The other big change is that the merchant silicon for switches has become more capable, and a lot of the routing functions that used to be only available on custom ASICs are now in chips like Jericho. Just as is the case with the X86 processor, which is a compute engine that can do many different kinds of jobs, some hyperscalers are going to want a flexible switch ASIC that can also handle routing.
The routing functions that are part of the Jericho chips are not embedded in the “Trident-II” or “Tomahawk” switch chips (The StratusXGS line in the marketing catalog) that Broadcom has created for leaf and spine switches and, in the case of the Tomahawks were deployed in a line of switches last fall that adhere to the 25G Ethernet standards pushed by the hyperscalers to reduce their costs while boosting bandwidth and port counts. And because of the extra expense of the ASICs as well as the increased capability they offer (including routing functions, scalable deep packet buffers and tables), the Jericho chips (which are in the StratusDNX family as the Dune devices are known externally) cost more and so do the switches that employ them. (We will get to that in a moment.)

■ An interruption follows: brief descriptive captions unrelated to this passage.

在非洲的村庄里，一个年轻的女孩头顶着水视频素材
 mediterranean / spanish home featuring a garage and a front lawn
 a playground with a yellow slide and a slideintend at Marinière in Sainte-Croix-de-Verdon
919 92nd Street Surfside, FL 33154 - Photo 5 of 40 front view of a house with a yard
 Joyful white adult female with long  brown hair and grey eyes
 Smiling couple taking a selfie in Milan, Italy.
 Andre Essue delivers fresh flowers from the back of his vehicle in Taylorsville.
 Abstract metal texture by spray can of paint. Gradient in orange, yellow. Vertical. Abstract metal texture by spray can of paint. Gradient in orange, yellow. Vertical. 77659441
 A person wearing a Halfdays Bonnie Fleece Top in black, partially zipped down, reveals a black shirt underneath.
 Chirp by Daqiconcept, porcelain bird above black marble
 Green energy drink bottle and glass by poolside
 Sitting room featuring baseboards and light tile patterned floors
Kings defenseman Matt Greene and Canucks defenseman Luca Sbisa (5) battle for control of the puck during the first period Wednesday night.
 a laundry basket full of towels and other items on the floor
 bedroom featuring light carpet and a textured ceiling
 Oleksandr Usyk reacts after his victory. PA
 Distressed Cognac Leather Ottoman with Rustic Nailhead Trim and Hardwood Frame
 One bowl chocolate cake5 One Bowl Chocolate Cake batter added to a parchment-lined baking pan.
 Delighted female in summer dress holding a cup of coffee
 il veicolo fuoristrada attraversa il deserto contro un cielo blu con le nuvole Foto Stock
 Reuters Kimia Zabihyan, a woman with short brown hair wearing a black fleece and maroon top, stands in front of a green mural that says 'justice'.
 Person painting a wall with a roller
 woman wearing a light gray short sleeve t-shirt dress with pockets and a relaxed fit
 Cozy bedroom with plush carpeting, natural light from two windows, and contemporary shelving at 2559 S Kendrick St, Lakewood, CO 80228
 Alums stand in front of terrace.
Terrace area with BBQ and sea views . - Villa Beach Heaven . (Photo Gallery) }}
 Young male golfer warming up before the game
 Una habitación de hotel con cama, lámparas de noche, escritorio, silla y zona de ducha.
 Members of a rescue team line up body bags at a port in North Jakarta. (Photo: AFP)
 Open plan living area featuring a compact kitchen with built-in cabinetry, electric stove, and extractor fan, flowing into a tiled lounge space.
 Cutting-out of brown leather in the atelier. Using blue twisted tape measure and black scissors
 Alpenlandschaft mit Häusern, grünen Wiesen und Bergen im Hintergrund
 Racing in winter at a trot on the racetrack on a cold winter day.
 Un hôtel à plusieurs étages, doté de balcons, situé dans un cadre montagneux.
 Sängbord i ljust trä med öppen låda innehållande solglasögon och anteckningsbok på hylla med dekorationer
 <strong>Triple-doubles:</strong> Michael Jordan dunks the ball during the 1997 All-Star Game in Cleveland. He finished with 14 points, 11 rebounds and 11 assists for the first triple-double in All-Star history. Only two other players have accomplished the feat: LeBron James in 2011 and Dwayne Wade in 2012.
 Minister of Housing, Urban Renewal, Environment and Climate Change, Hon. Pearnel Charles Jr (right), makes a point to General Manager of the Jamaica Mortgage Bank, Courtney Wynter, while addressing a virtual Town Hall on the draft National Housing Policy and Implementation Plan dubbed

There are different Broadcom horses for different datacenter courses. The Trident-II delivers 1.28 Tb/sec of switching bandwidth and the follow-on Tomahawk almost triples that up to 3.2 Tb/sec; they have a few megabytes of buffers for holding data when it busts in faster than the line rate of the ASIC can handle. The Jericho chip, which is slower at 720 Gb/sec of aggregate switching bandwidth, is quite a bit slower, but you can link up to four of them together without a chip fabric to create a four-socket virtual ASIC with 2.88 Tb/sec of bandwidth, and for larger configurations, switch makers can create a spine fabric with 144 of the Jericho chips with 103.7 Tb/sec of aggregate bandwidth that could, in theory, support 6,000 ports running at 100 Gb/sec in a single-tier fabric.
While Arista would love to have customers use the new 7500R switches based on the Jericho switches in both the top layer of the stack where routing is done and in the middle layer where the spine aggregation is done, the odds are that most datacenter customers will use some 7300-class modular spine switches based on the Tomahawk chips (which we detailed last fall) in their fabrics. Others will build leaf/spine networks using fixed port switches, also based on Tomahawks, and feed up into a converged switch/router layer.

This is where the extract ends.